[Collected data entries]
══════════════════════════════

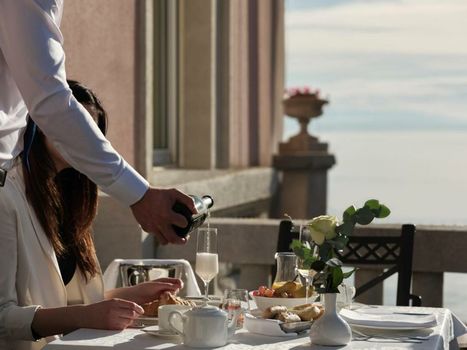 Amadria Park Hotel Milenij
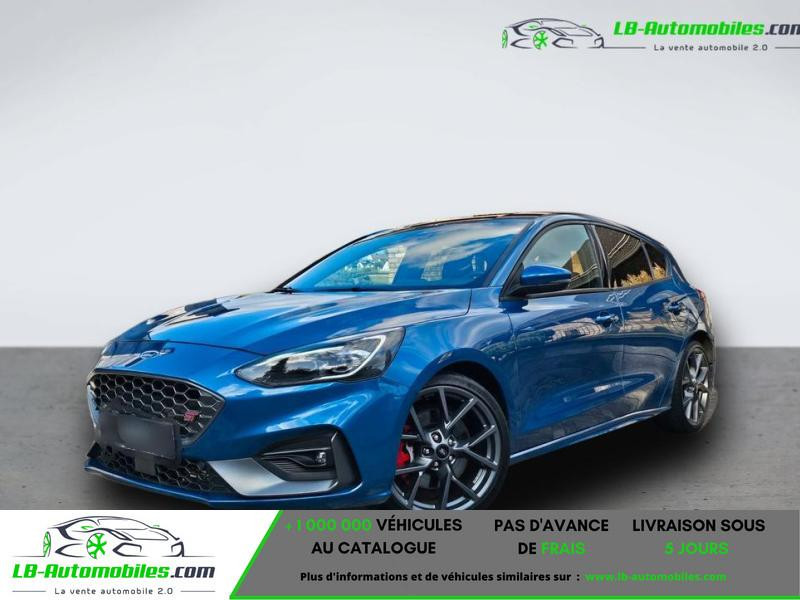 Ford Focus ST 2.3 EcoBoost 280 BVA  occasion  Beaupuy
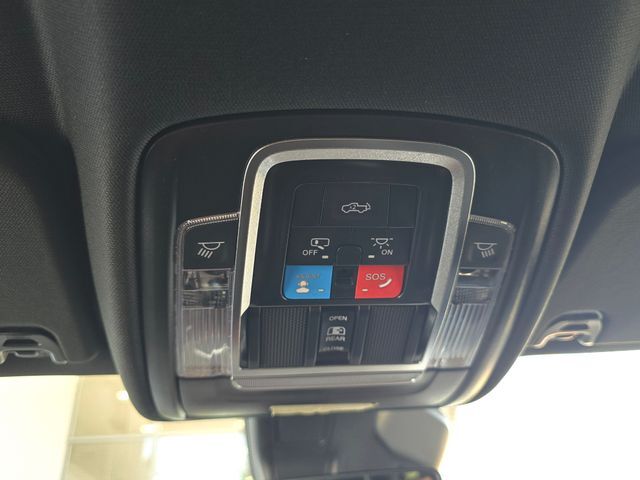 2026 Ram 1500 Laramie Folsom CA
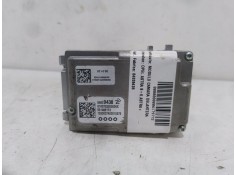 Recambio de modulo camara delantera para opel astra b-k astra+ referencia OEM IAM 84839438  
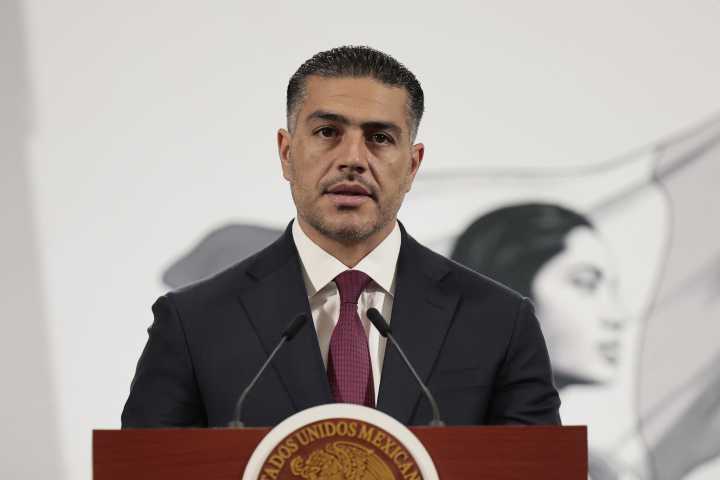 Detienen en Tijuana a integrante del Cartel del Pacífico por venta de droga y homicidio
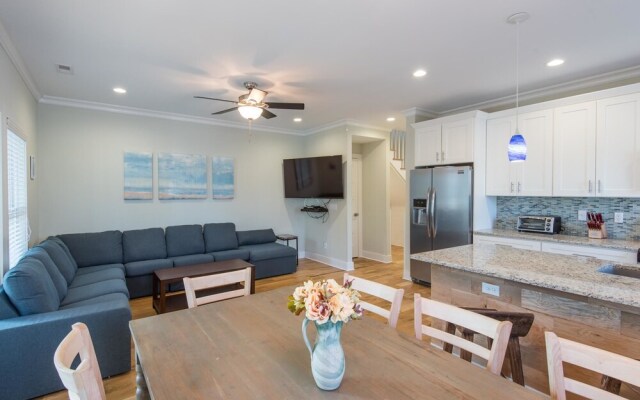 E Ashley A 121 4 Bedroom Holiday Home By My Ocean Rentals
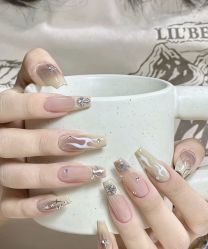 -1T·1M 日式美甲美睫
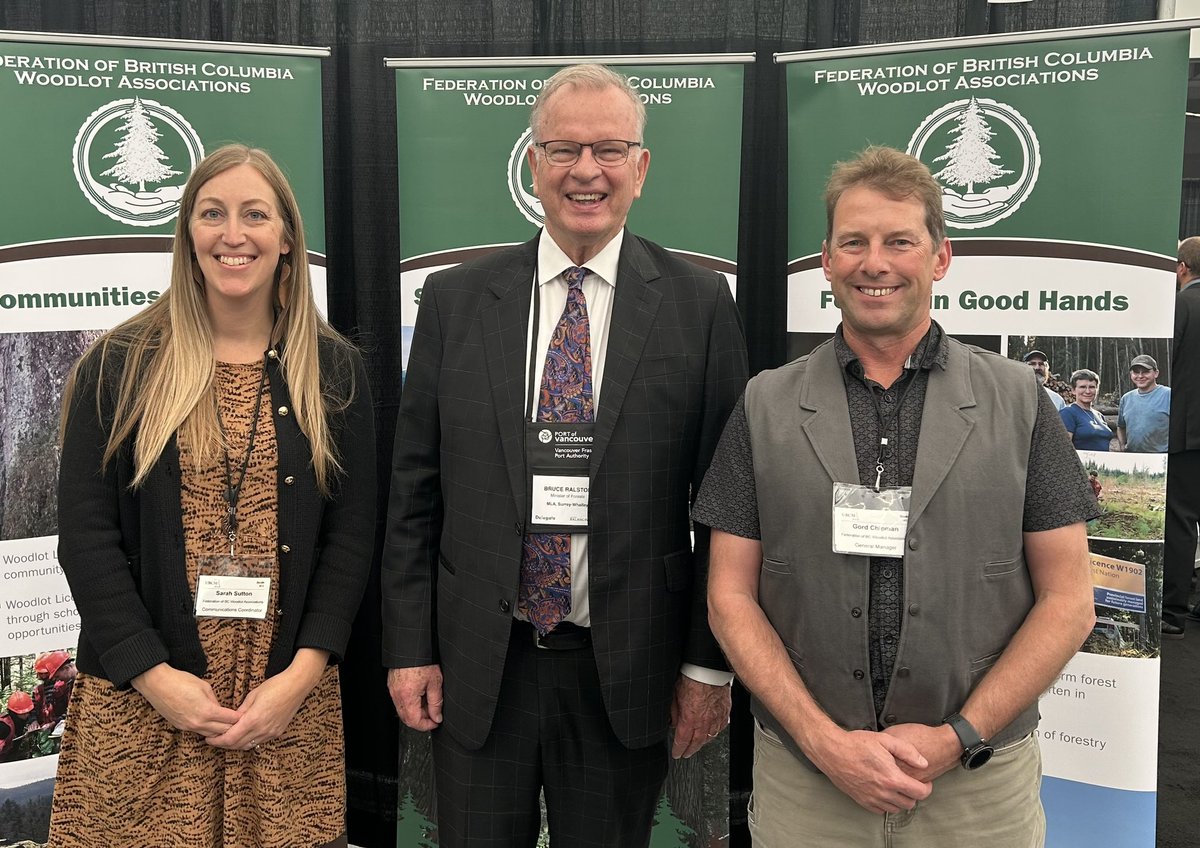 BruceRalston's tweet photo. I stopped by the UBCM Trade Show this morning. It's great to see so many exhibitors actively sharing ideas and solutions with local government decision makers. https://t.co/6GjHfdZgdO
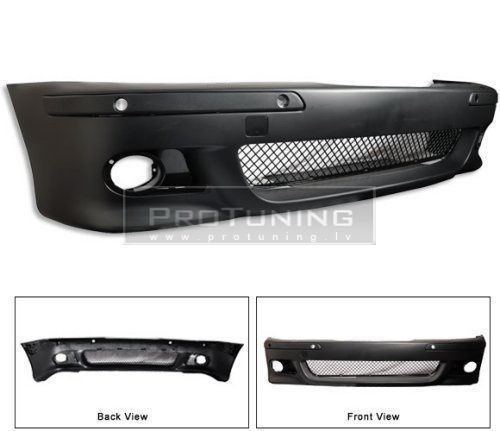 Sport front bumper - /,
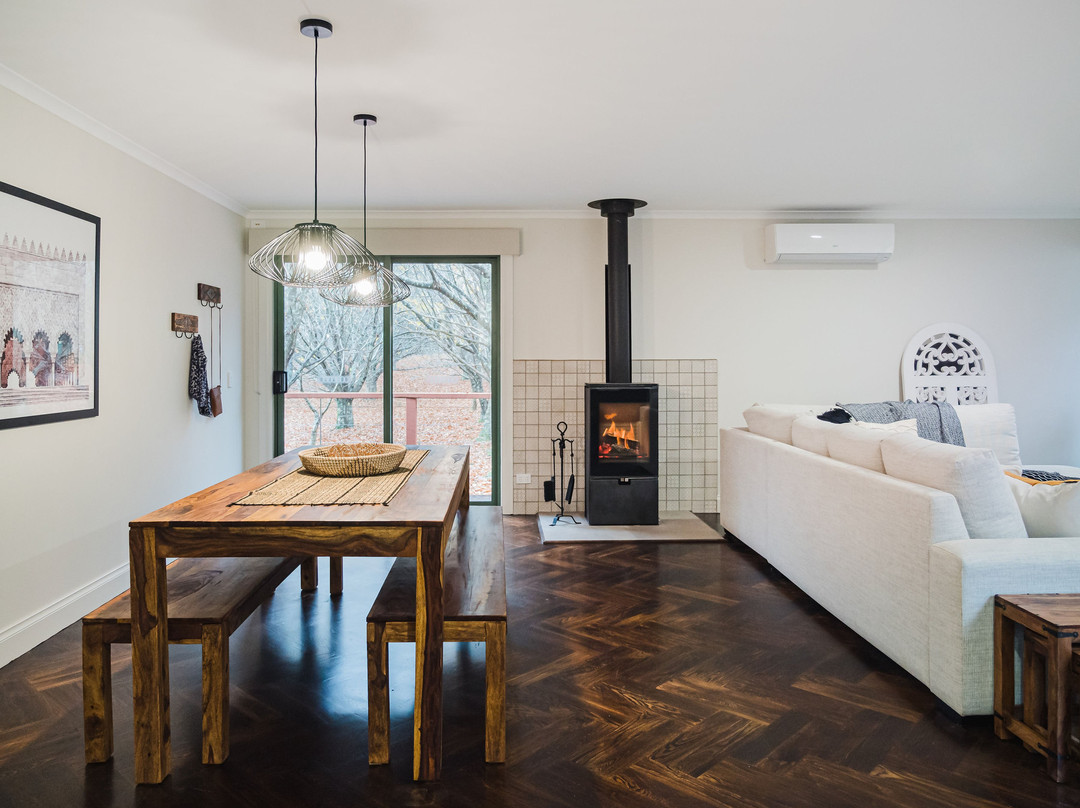 Chestnut Glade Cottages主图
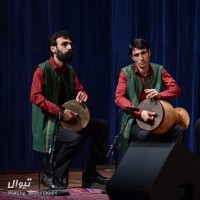 کنسرت گروه افتتاح | گزارش تصویری تیوال از کنسرت گروه افتتاح / عکاس: علیرضا قدیری | عکس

══════════════════════════════

■ **What to produce**
Among the entries above, take the lines from the one with "2026 Ram 1500 Laramie Folsom CA" through the one with "-1T·1M 日式美甲美睫" and retype them exactly, leaving out the pictures.

■ **Task result**
 2026 Ram 1500 Laramie Folsom CA
 Recambio de modulo camara delantera para opel astra b-k astra+ referencia OEM IAM 84839438  
 Detienen en Tijuana a integrante del Cartel del Pacífico por venta de droga y homicidio
 E Ashley A 121 4 Bedroom Holiday Home By My Ocean Rentals
 -1T·1M 日式美甲美睫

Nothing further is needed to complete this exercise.